▶ TASK DESCRIPTION
Look in the material below for the line holding "6.43 Terra Cotta". Set it down exactly, with each later line up to and including the line holding "Ziplining, tree climbing".

▶ EXTRACTED MATERIAL
____

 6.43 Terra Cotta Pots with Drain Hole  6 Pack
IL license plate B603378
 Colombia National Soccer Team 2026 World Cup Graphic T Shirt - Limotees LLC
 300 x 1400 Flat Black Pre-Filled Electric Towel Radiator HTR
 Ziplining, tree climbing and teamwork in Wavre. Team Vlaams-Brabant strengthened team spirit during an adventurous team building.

____

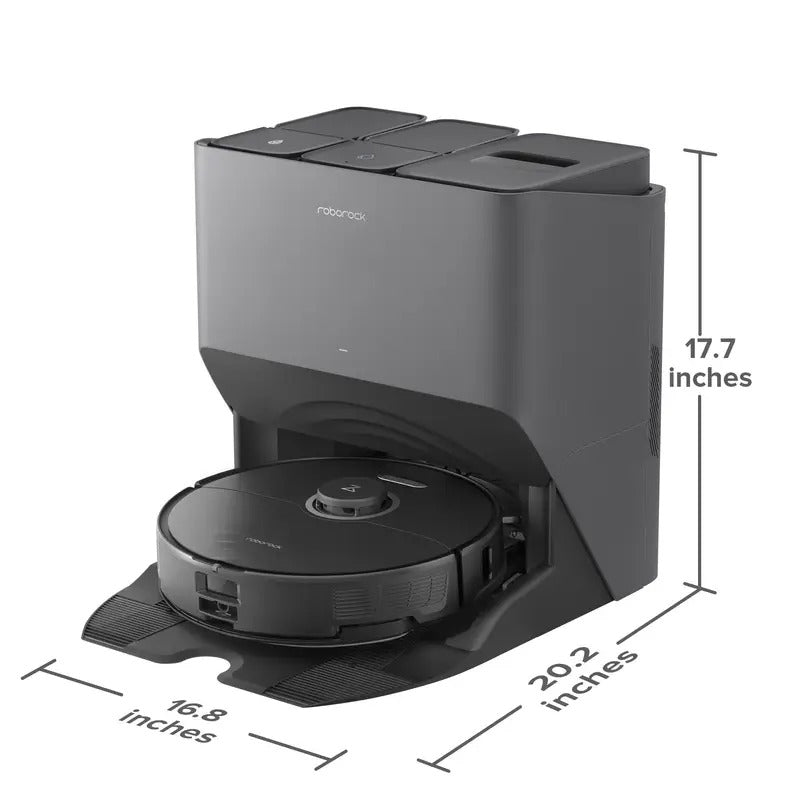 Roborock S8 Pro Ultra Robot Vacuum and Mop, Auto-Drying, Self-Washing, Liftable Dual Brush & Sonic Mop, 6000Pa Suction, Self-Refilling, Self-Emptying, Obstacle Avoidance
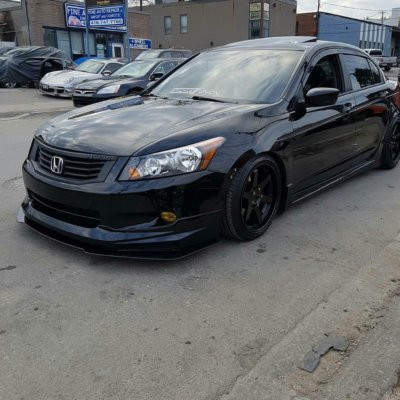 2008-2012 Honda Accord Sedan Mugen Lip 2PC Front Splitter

____

▶ FINAL ANSWER
 6.43 Terra Cotta Pots with Drain Hole  6 Pack
IL license plate B603378
 Colombia National Soccer Team 2026 World Cup Graphic T Shirt - Limotees LLC
 300 x 1400 Flat Black Pre-Filled Electric Towel Radiator HTR
 Ziplining, tree climbing and teamwork in Wavre. Team Vlaams-Brabant strengthened team spirit during an adventurous team building.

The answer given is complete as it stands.